Measure the Amount of Overflow

You can monitor overflow using either VDBA or an SQL statement.

In VDBA, select a table or secondary index in the Database Object Manager window, and click the Pages tab.

In SQL, you can monitor overflow with the help table statement. For more information, see the SQL Reference Guide.

For tables, overflow data is displayed in red in the pie chart, as indicated in the legend. Heap tables are considered as one main page, with an overflow chain attached to the main page. For B-tree tables, overflow occurs only at the leaf level and only with duplicate keys.

The iitables catalog (a view into the iirelation catalog) includes one row for each table in the database. It contains pertinent information for evaluating overflow.

For example, the following query results in the information shown in the table:

select table_name, storage_structure,
number_pages, overflow_pages
from iitables

table_name	storage_structure	number_pages	overflow_pages
manager	hash	22	4
department	B-tree	5	0
parts	B-tree	5	0
orders	heap	3	0

The above figures are approximate; they are updated only when they change by a certain percentage (5%) to prevent performance degradation by continuously updating these catalogs.
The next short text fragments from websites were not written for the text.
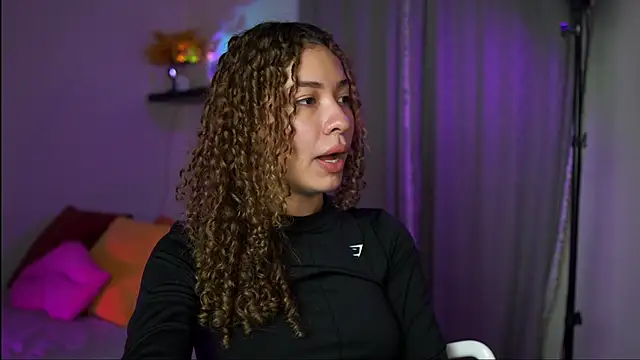 isabella-garcia- online show from October 29, 9:38 pm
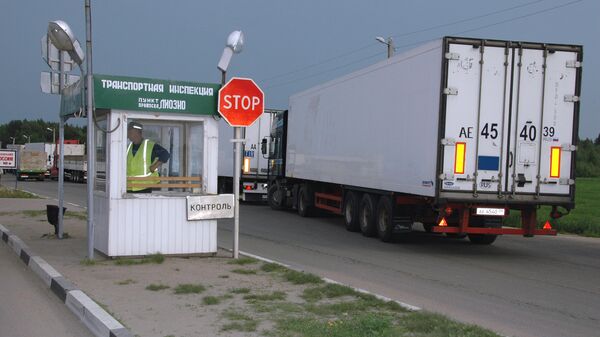На таможенно-пропускном пункте Красное на границе с Белоруссией. Архивное фото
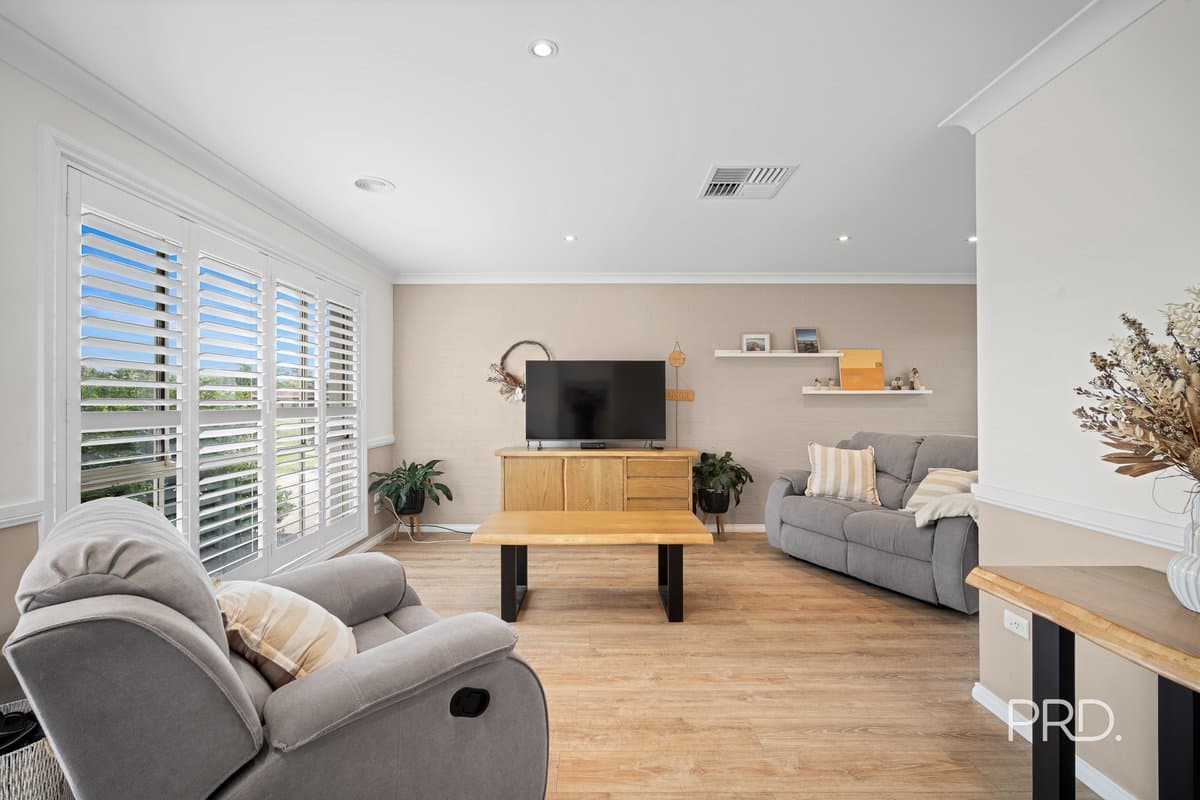 22 Karoom Drive, GLENFIELD PARK NSW 2650, Glenfield Park - Thumbnail 2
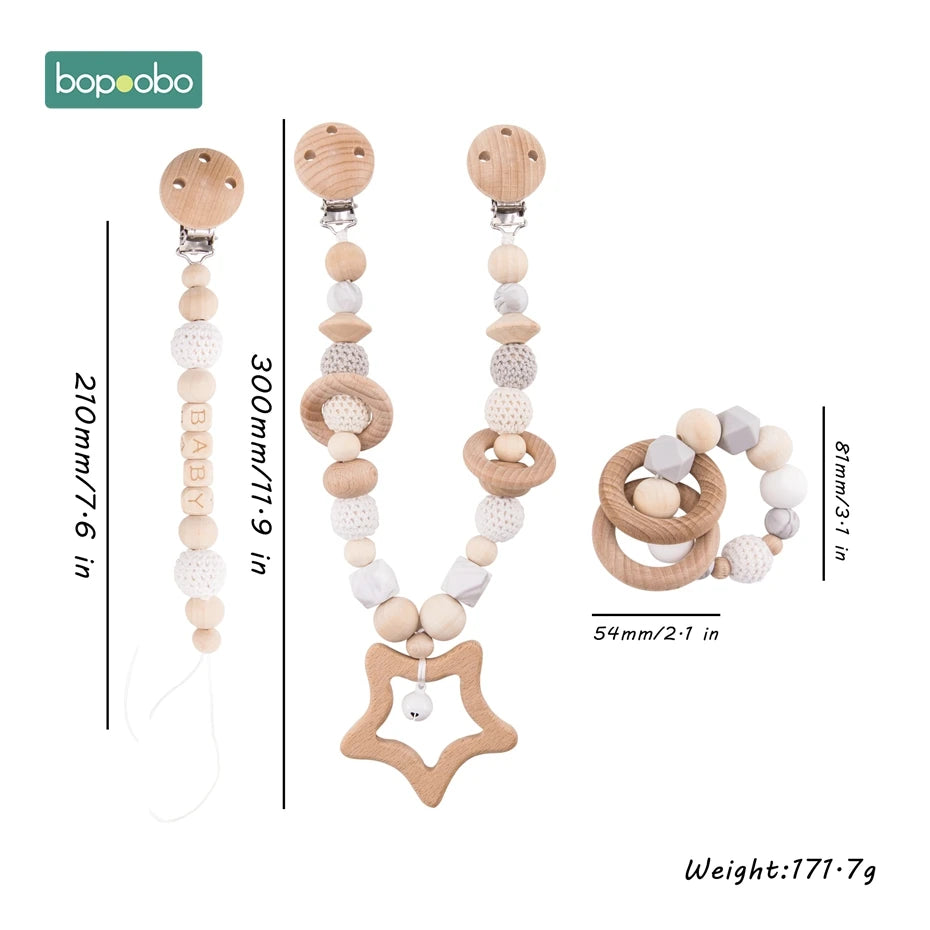 Wooden baby pacifier clips and teether set, featuring natural beads and star shapes. Measurements and weight are shown for each item, branded with "bopoobo" logo.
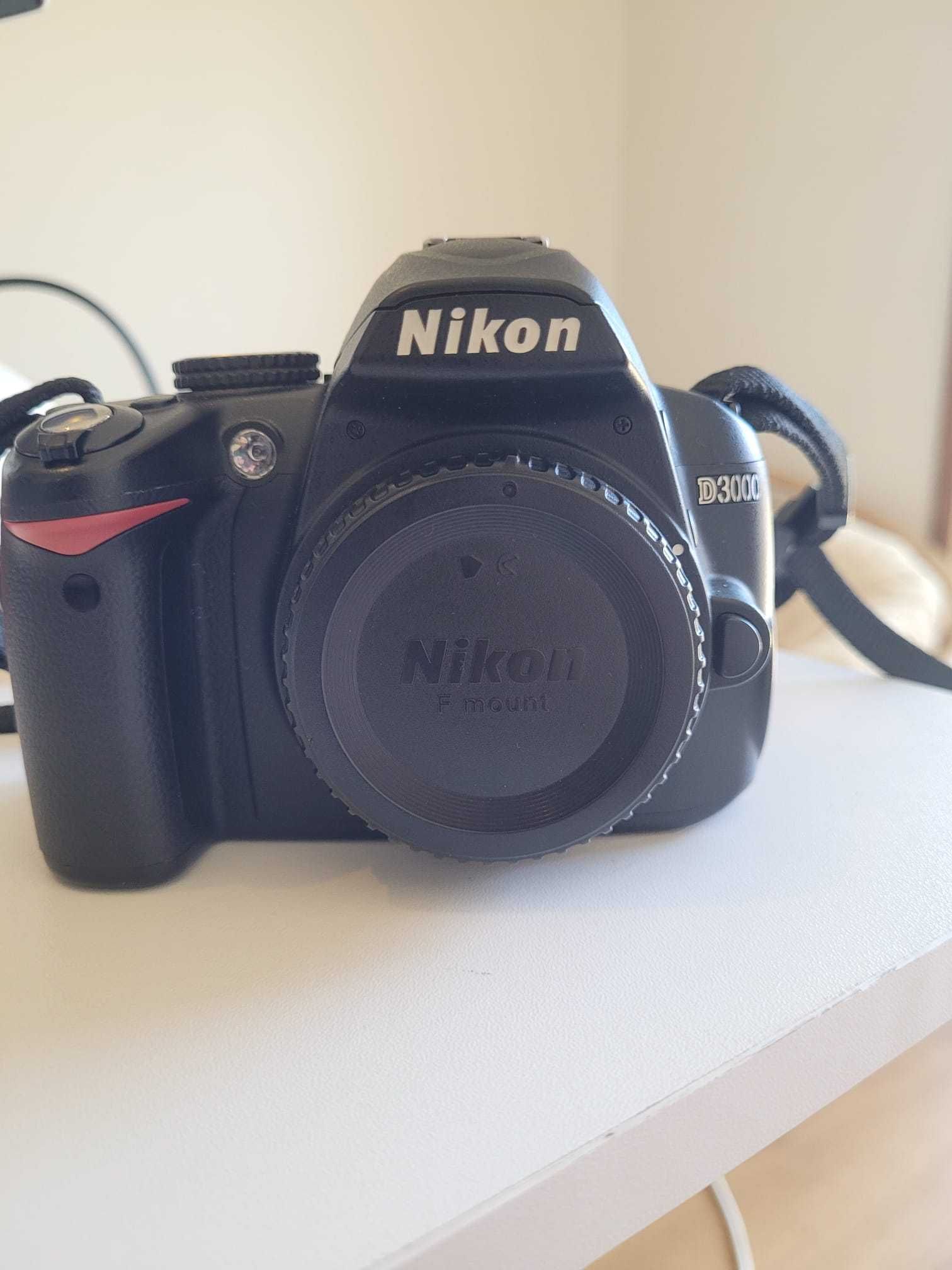 Nikon D3000 DSLR + Objetiva + Acessórios | Como Nova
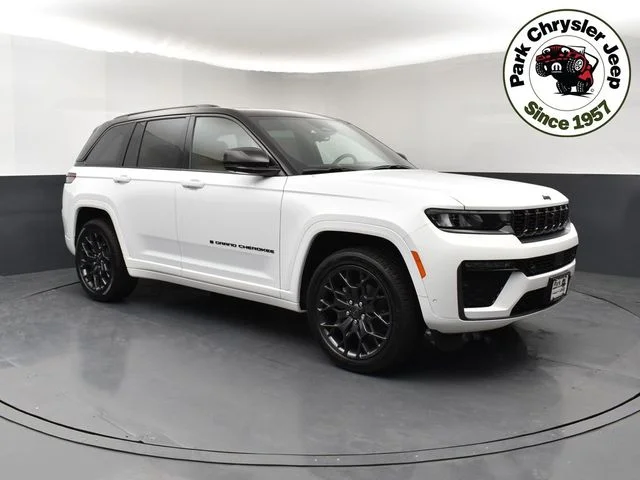 2026 Jeep Grand Cherokee Summit 4x4's photo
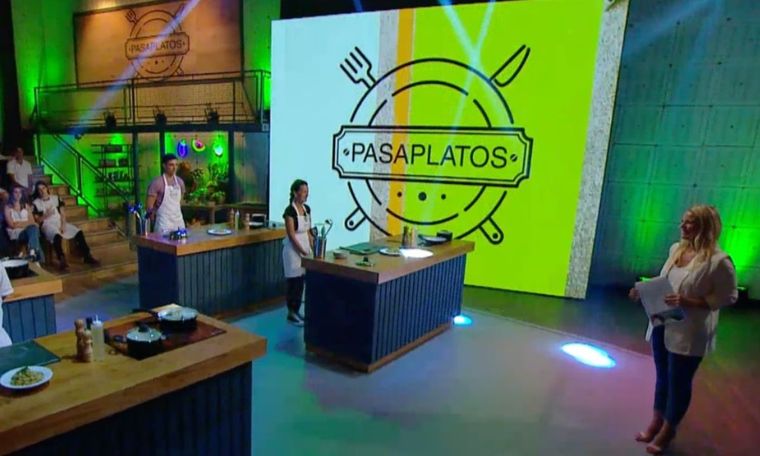 Pasaplatos tendrá una versión famosos en la pantalla de Canal 13 Se confirmó en las últimas horas quiéns eerá la conductora Foto: Captura de TV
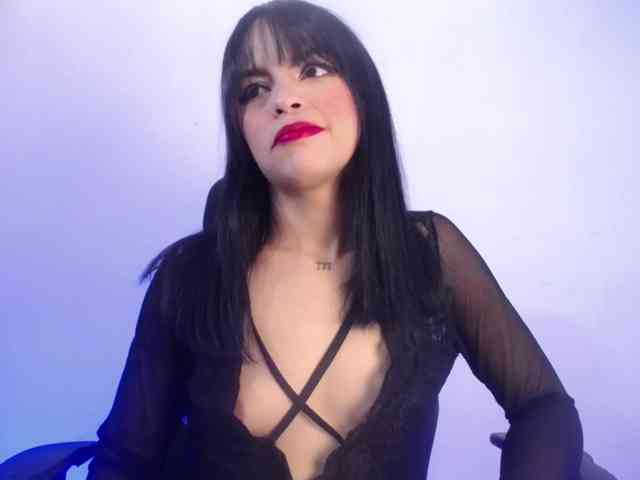 Sharlottessence webcam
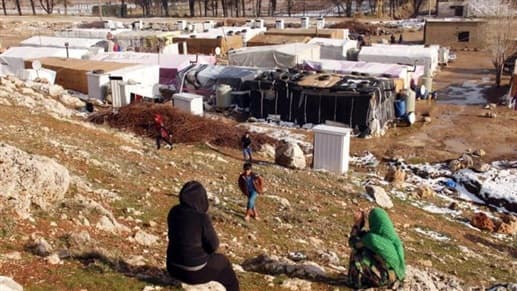 مراسل mtv: نحو 450 لاجئاً سورياً يعودون إلى ديارهم عبر عرسال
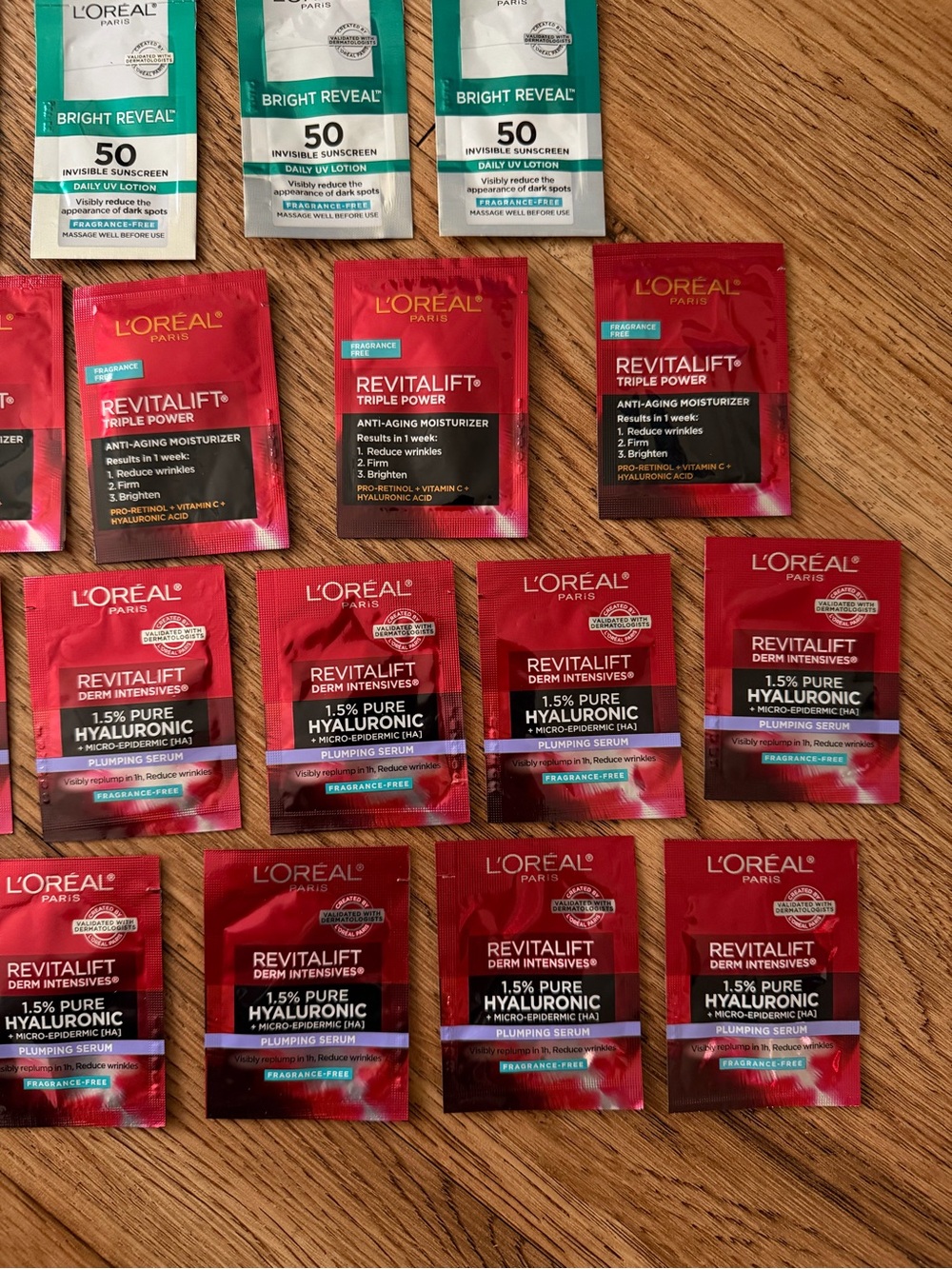 L'Oréal Revitalift & Bright Reveal Sample Pack - Picture 4 of 4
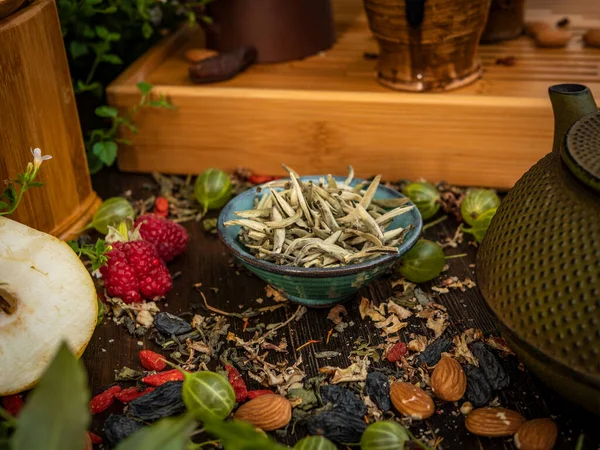 Vorbereitung der Teezeremonie, Tee in der Schüssel. Handgemachte Tassen — Stockfoto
Also, if transactions that involve many new pages are backed out during a recovery, the page counts cannot be updated. Page counts are guaranteed to be exact only after modification.

In evaluating overflow, if the number of overflow pages is greater than 10-15% of the number of data pages, expect performance degradation. Overflow must be regularly monitored to ensure that performance does not degrade as rows are appended to tables.

Repetitive Key Overflow

Storage structures other than heap that have a high degree of duplication in the key values are likely to have overflow because duplicate keys are stored in overflow pages. Keys with a high degree of duplication are not recommended. This applies to secondary index keys as well as primary keys.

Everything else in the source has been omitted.